Software Development

April 13, 2026

COUNTRY

USA

TEAM SIZE

DURATION

12+ months

BUDGET

INDUSTRY

Logistics

TECHNOLOGIES

Python / PyTorch / ONNX Runtime / TensorRT / NVIDIA Jetson / Azure

table of content

Myroslav Budzanivskyi

Co-Founder & CTO

Discuss a similar project

Talk through scope, risks, and delivery approach with our CTO

Schedule a call

SUMMARY

A multi-site distribution operator runs 100+ warehouses and depots, with a roadmap past 500 sites. They needed continuous stock visibility between periodic cycle counts. We built a camera-driven view of what is physically on the racks and on the floor, and how big it is, reconciled against the WMS in near real time.

The hard part was metrology, not detection. Turning pixels into centimetres with a defensible error bar, on a moving floor, with non-ideal lighting. Three hard constraints shaped the work: raw video could not leave the site, depot-to-centre links were uneven, and the system could not slow the people working the floor.

Client identity, geography, vendor names and exact figures have been generalised at the client's request. The architecture, measurement approach and deployment model described are as delivered.

Client Profile & Strategic Context

Before the engagement, stock visibility ran on a familiar playbook: cycle counts on a schedule, barcode scans at receiving and putaway, and a WMS that treated those inputs as the source of truth. At smaller scale it held up.

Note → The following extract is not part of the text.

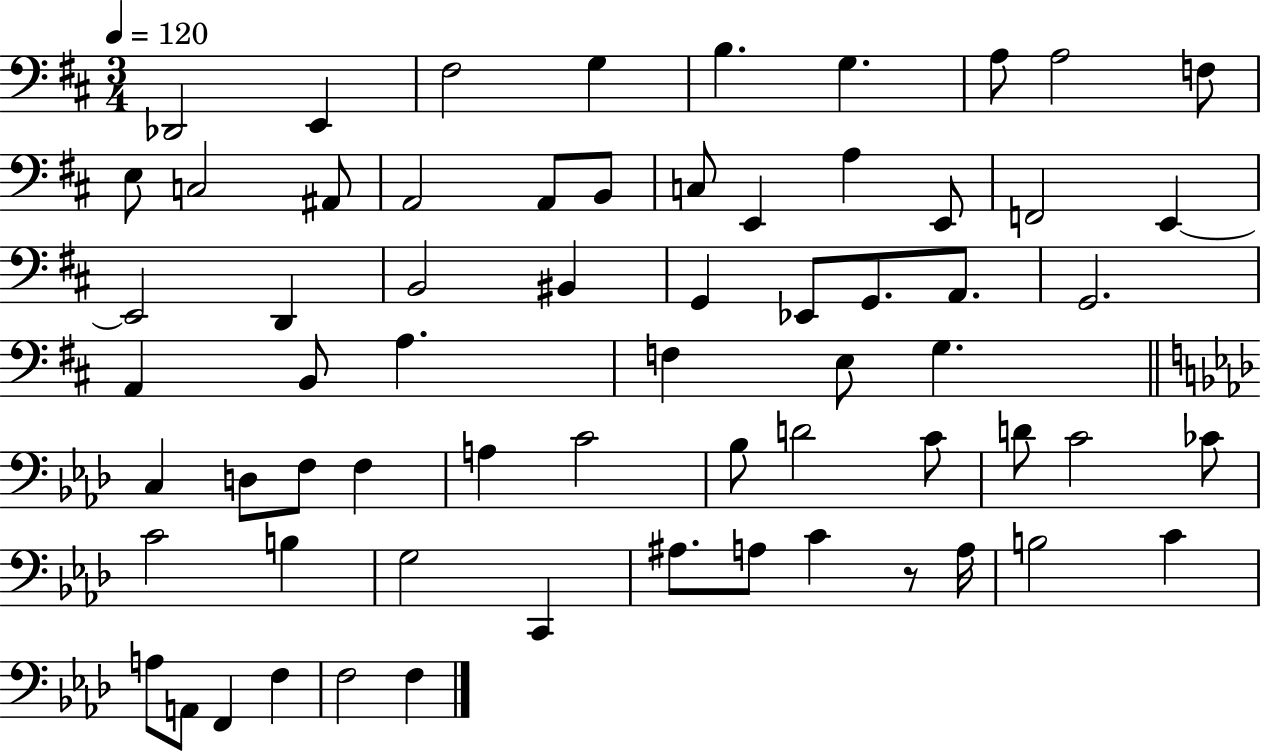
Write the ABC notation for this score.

At the operator's scale, with the expansion roadmap pushing the estate further every quarter, the same approach started accumulating blind spots faster than the operations team could close them.

Between counts, the operator was blind:

Empty pick-faces went unnoticed until a picker arrived to a gap. Wasted travel, missed SLAs.
Mis-stows (item placed in the wrong location on inbound) surfaced days later, by which point downstream picks against that SKU had already failed.
Dimensional data for inbound goods was missing, or keyed by hand at receiving. Cubing errors fed straight into slotting and load planning.

The net effect at scale: overstated system stock, avoidable stockouts at the pick-face, wasted picker travel, bad cube data flowing into bad slotting and bad load plans.

Objective

Add a continuous, camera-driven view that becomes the primary signal between cycle counts. Counts and barcode scans stay as inputs, no longer as the only stock-truth signal. The view covers presence (what is on each rack right now), quantity (count and fill-state per location), dimensions (length, width, height and volume of inbound goods, measured rather than keyed), and reconciliation against the WMS in near real time.

Three hard constraints

Constraint 1. Raw video cannot leave the site. Site-level privacy and contractual obligations meant footage could not be backhauled to a central cloud. Only derived measurements and events could egress.

Constraint 2. Depot-to-centre links are uneven. Bandwidth and reliability varied across the estate. The system had to operate, and keep measuring, through degraded links and full disconnections, with no central blind spots when connectivity returned.

Constraint 3. The system cannot slow the floor. Pickers, putaway and receiving could not be asked to pose for the camera, stop to confirm a measurement, or scan extra barcodes. Capture had to be passive and in-flow, with no added cycle time.

Why This Was a Measurement Problem

Standard warehouse computer-vision projects stop at "is there something on the rack?" That is a classification or detection task. The brief here required two further steps that most teams under-estimate.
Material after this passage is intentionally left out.